Die Texte sind ordentlich aufbereitet und im typischen SR-Stil mit reichlich flapsigen Kommentaren vermischt. Ob die Übersetzung in allen Teilen gut gelungen ist kann ich nicht sagen¸ da ich die US-Version nicht kenne. Da bei SR aber viele Original-Begriffe erhalten bleiben¸ mache ich mir da weniger große Sorgen.
Fazit:
Tja¸ da gibt es Futter für alle Straßensamurais und solche die es werden wollen... und natürlich haufenweise Ergänzungsregeln¸ um die neuen Techniken und Optionen ans Grundregelwerk anzupassen. Was Schattenzauber für alle Magiebegabten ist¸ bringt dieser Band für alle Operationssüchtigen.

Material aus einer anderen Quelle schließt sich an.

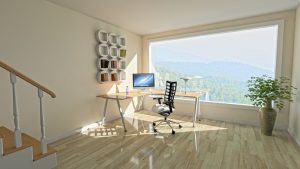 Bureau de télétravail avec un fauteuil ergonomique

Spielleitern kann ich nur raten den Spielern erst mal den Stinkefinger zu zeigen und die teilweise heftige Ware nur zögerlich unters Spieler-Volk zu bringen. Wer seinen Spielern diesen Band in die Hand drückt und sagt 'Macht mal' muß sich nicht wundern¸ wenn seine Gruppe abdreht. Eine ganz gute Möglichkeit zur "Begrenzung"¸ ist die Verfügbarkeit auf untere Qualitätsstufen (Standart und Alpha-Ware) zu beschränken und bessere Sachen nur als "Zückerli" für besonders erfolgreiche Runs zugänglich zu machen.
Ansonsten sollte Euch natürlich nichts davon abhalten mal einen Gegner 'jenseits des Limits' ins Spiel zu bringen und Eueren Runnern¸ die sich für die Tollsten halten¸ mal so richtig einzuheizen.